| Assignment |
Where does the word "Large" appear in the entries below? Copy each line that holds it.

[Web page caption snippets]

· · · ·

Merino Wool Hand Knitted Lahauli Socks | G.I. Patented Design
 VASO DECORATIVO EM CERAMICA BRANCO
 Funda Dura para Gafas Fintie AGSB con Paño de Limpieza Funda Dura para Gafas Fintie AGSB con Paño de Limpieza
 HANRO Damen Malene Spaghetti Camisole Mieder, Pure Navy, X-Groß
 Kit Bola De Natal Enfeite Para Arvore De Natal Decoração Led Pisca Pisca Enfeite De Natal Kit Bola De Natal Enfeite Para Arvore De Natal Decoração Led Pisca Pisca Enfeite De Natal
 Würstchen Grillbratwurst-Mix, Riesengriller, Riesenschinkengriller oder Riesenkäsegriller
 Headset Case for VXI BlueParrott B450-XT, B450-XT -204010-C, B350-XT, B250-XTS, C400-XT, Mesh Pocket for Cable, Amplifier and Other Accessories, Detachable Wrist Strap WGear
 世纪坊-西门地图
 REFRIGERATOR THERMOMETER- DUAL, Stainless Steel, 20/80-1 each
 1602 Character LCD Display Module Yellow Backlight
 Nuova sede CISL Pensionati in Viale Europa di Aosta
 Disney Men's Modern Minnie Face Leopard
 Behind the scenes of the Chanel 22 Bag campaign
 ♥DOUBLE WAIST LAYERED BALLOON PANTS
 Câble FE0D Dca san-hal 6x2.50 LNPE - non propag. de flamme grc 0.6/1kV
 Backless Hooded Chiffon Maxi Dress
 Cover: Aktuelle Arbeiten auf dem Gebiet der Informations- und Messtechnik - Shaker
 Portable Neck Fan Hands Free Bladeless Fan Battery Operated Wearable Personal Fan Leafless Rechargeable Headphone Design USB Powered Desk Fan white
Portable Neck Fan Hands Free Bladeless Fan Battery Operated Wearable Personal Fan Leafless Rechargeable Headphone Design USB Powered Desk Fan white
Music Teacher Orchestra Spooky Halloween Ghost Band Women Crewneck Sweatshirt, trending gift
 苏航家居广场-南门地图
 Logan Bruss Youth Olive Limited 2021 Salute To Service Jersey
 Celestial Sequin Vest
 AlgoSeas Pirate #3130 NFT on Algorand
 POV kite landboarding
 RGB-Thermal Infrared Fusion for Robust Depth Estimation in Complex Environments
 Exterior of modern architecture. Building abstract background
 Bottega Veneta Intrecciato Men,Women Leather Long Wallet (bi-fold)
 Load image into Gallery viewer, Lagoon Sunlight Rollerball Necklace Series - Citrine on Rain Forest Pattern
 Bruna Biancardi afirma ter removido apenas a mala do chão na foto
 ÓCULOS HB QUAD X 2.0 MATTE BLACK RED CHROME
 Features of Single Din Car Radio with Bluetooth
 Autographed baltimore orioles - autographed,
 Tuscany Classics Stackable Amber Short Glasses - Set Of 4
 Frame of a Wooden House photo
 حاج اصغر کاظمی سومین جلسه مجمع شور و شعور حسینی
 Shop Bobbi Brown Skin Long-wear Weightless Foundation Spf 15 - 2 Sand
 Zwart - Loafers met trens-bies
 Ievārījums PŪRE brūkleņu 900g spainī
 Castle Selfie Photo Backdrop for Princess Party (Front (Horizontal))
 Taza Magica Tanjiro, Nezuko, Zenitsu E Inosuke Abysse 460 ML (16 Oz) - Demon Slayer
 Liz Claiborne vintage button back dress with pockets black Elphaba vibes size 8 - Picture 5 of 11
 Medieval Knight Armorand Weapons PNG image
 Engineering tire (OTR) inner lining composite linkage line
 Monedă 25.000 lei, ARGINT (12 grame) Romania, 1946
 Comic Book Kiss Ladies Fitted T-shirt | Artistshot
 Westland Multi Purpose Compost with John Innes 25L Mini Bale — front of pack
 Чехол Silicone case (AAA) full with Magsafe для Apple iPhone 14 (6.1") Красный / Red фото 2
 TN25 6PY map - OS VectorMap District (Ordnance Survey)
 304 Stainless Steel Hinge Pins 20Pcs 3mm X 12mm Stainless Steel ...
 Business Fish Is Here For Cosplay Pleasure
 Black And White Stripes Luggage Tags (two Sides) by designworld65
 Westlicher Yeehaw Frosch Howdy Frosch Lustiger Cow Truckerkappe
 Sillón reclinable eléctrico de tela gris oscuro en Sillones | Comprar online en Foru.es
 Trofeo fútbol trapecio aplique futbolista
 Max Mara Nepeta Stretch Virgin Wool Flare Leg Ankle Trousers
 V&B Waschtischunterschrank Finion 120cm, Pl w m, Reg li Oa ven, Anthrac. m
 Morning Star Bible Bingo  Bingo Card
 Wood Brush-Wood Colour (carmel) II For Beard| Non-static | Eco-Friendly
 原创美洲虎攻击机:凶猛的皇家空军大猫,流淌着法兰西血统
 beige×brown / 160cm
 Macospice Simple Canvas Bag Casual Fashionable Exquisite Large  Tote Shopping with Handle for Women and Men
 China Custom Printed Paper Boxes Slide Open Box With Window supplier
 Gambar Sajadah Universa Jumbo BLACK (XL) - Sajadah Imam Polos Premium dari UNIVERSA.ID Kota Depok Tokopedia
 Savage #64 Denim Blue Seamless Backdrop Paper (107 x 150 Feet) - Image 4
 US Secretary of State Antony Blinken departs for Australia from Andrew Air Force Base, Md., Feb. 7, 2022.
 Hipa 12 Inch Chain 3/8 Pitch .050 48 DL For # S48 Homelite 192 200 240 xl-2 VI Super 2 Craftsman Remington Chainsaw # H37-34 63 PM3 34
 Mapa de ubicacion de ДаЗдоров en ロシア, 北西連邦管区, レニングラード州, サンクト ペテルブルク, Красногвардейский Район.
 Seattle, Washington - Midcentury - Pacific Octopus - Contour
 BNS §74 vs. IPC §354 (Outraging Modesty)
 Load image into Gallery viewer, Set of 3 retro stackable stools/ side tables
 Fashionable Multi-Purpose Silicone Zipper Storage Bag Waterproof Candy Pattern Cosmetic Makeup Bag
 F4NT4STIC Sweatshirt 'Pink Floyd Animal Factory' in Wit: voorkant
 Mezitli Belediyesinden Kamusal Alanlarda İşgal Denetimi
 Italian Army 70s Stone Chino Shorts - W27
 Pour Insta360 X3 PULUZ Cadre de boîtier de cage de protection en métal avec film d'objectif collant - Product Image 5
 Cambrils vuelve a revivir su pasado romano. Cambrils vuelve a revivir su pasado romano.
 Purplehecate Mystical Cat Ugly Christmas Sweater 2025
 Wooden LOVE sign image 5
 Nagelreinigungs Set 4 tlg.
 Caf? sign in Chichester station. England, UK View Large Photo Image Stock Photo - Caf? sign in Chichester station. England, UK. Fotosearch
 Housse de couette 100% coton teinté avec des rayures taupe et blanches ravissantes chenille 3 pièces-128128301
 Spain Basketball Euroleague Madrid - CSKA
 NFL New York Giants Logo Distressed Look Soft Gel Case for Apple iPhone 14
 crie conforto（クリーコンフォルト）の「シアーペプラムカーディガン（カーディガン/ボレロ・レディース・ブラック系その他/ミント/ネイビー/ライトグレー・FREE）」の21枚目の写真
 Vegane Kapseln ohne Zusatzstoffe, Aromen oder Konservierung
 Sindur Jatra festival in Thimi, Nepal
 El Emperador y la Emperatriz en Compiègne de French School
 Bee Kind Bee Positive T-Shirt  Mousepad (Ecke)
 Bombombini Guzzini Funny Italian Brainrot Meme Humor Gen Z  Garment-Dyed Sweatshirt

· · · ·

| Result of the exercise |
 Macospice Simple Canvas Bag Casual Fashionable Exquisite Large  Tote Shopping with Handle for Women and Men
 Caf? sign in Chichester station. England, UK View Large Photo Image Stock Photo - Caf? sign in Chichester station. England, UK. Fotosearch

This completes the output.